Dans les semis, les marathons mais surtout les courses longue durée, on croise souvent des “bars à gels”. Le surnom peut faire sourire, mais il résume une réalité : certains ravitos ressemblent à des linéaires de magasin bio haut de gamme. Gels saveur cola-caféine, compotes pomme-poire-électrolytes, barres énergétiques vegan à la patate douce.

Les coureurs y viennent avec leurs préférences, leur protocole nutritionnel et parfois… leurs critiques gustatives. « Celui à la framboise manque un peu de peps » ou « Le citron-gingembre passe bien, mais faut pas en abuser« , peut-on entendre dans de nombreuses courses. On se croirait dans un salon de dégustation. À un détail près : les visages sont couverts de sel et les jambes pleurent.

Mais dans cette mise en scène du goût, une manière de reprendre le contrôle. De faire de ce moment de flou un instant précis, presque chic. Et quand le bar à gels se tient au milieu d’un col à 2000 mètres d’altitude, le contraste devient sublime.


| L’apéro du 35e : quand tout bascule

Un autre sobriquet revient souvent, plus discret mais tout aussi évocateur : « L’apéro du 35e ». Il arrive après le mur, quand la lucidité commence à fuir, et que le corps réclame autre chose qu’un plan d’entraînement. Certains ralentissent franchement et s’installent comme s’il rentrait chez eux après une dur journée de boulot. Le ton baisse, les épaules tombent. On se croirait sur une terrasse un dimanche soir.

Le ravito devient alors une pause existentielle. On parle à son voisin d’abandon. On calcule si marcher jusqu’à l’arrivée serait si terrible. On demande un peu de sel, un bout de fromage, un mot gentil. L’apéro du 35e, c’est un sas. Une table d’hôtes pour gens au bout du rouleau. Parfois, on y reste. D’autres fois, on repart, un peu ivre de solitude, un peu plus humain.

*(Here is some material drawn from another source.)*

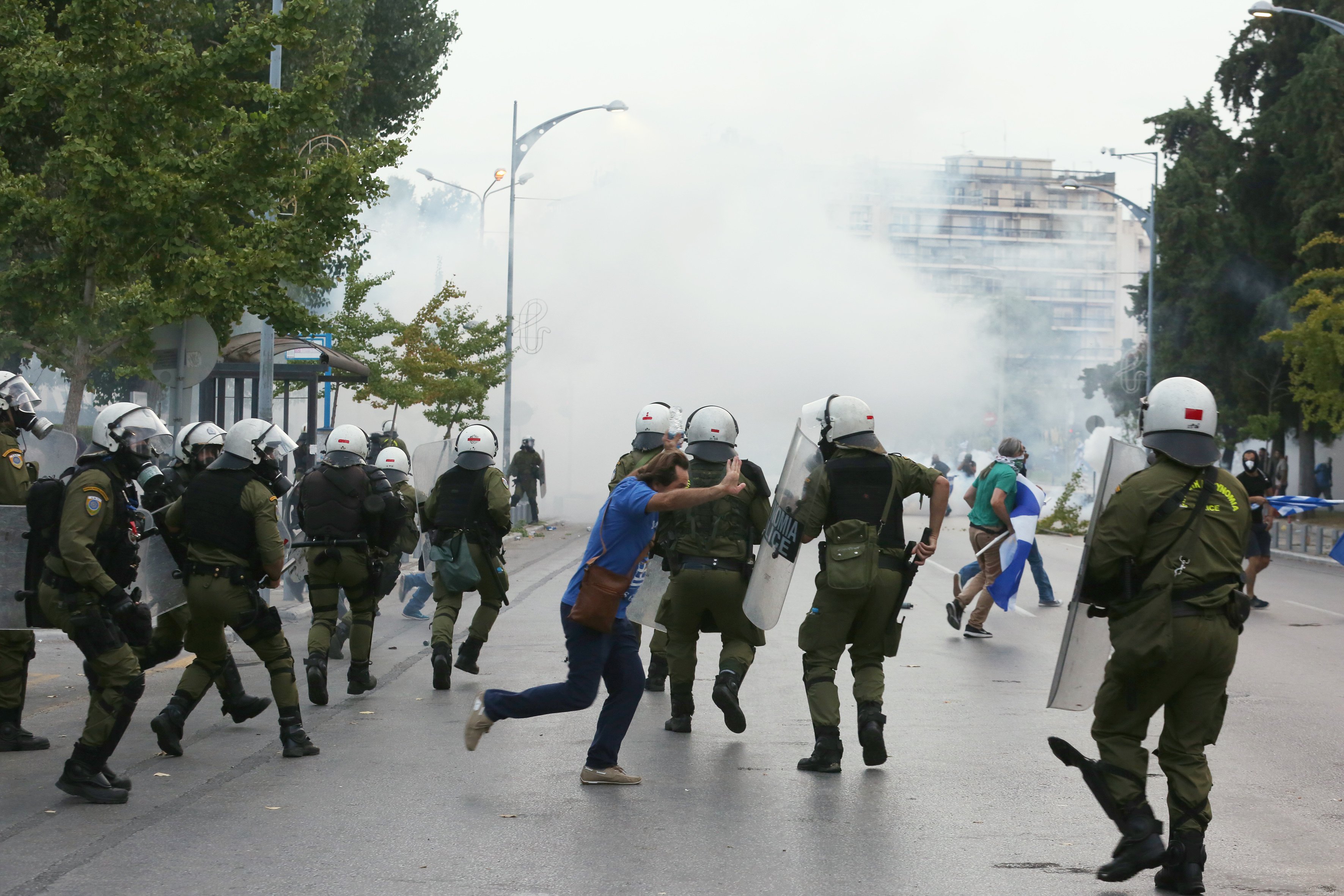 В ходе протестов в Греции задержано более 130 человек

© La Grande Course RATP du Grand Paris

| La pause goûter : moelleux, confiture et chaussettes sèches

La « pause goûter » est devenu un rituel depuis de longues années. Un moment doux au milieu d’un monde dur. Sur certaines courses, on la retrouve dans un refuge en altitude, dans une école transformée en base de vie, ou dans un barnum perdu dans une vallée. Au menu ? Soupe chaude, gâteau maison, pâte d’amande, chocolat, café tiède et couverture de survie si besoin.

L’ambiance rappelle les retours d’école en hiver. Tout le monde parle doucement. Les chaussures sont pleines de boue. Les sourires sont rares mais sincères. Certains posent la tête sur la table. D’autres changent de chaussettes en silence. Ici et là, le chrono fond comme une tablette de chocolat oubliée au soleil. Et personne ne s’en formalise.


| Le cimetière du 90e

Mention spéciale pour les ravitos d’ultra à très longue distance, souvent surnommés, avec humour noir, « Le cimetière du 90e ». L’ambiance y est plus silencieuse. Les visages sont creusés. Les regards vides. Quelques corps allongés sur le sol. Des couvertures tirées jusqu’au menton. On s’y arrête, parfois pour repartir. Parfois non.

C’est ici et là qu’on sent toute la dimension mentale du sport. Là que se joue l’abandon ou le sursaut. Un bénévole offre un thé. Un autre pose une main sur l’épaule. Et au loin, une frontale se rallume.

Derrière chaque surnom de ravitaillement se cache une façon de raconter la course autrement. Ces expressions, entendues sur les sentiers, à l’arrivée, dans les récits, traduisent une vérité simple : le sport, au fond, ne se vit pas qu’en chronos et en kilomètres. Il se vit en instants. En petites scènes. En souvenirs. Le buffet du 30e, la station essence, la pause goûter… tous ces noms sont des clins d’œil tendres à ces lieux de bascule. Là où la fatigue explose, où l’ego fond, où les liens se nouent.